### Exercise directions
The records follow. Give them all back exactly.

[Opening Input records section]

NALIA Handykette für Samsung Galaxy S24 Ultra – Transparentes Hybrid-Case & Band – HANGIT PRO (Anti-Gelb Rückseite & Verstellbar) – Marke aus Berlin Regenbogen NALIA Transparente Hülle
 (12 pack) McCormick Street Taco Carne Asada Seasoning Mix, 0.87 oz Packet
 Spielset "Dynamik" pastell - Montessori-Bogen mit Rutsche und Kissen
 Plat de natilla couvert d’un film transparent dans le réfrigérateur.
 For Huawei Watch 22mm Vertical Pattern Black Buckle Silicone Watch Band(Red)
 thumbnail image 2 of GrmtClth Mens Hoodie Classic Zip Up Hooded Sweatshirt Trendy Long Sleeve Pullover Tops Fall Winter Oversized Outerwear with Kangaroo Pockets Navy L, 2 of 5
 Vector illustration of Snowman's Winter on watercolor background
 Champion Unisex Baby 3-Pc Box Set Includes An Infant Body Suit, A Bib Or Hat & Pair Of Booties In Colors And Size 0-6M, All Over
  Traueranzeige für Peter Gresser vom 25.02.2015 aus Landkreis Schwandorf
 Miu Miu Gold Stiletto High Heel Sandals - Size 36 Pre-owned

[Closing Input records section]

### Solution
NALIA Handykette für Samsung Galaxy S24 Ultra – Transparentes Hybrid-Case & Band – HANGIT PRO (Anti-Gelb Rückseite & Verstellbar) – Marke aus Berlin Regenbogen NALIA Transparente Hülle
 (12 pack) McCormick Street Taco Carne Asada Seasoning Mix, 0.87 oz Packet
 Spielset "Dynamik" pastell - Montessori-Bogen mit Rutsche und Kissen
 Plat de natilla couvert d’un film transparent dans le réfrigérateur.
 For Huawei Watch 22mm Vertical Pattern Black Buckle Silicone Watch Band(Red)
 thumbnail image 2 of GrmtClth Mens Hoodie Classic Zip Up Hooded Sweatshirt Trendy Long Sleeve Pullover Tops Fall Winter Oversized Outerwear with Kangaroo Pockets Navy L, 2 of 5
 Vector illustration of Snowman's Winter on watercolor background
 Champion Unisex Baby 3-Pc Box Set Includes An Infant Body Suit, A Bib Or Hat & Pair Of Booties In Colors And Size 0-6M, All Over
  Traueranzeige für Peter Gresser vom 25.02.2015 aus Landkreis Schwandorf
 Miu Miu Gold Stiletto High Heel Sandals - Size 36 Pre-owned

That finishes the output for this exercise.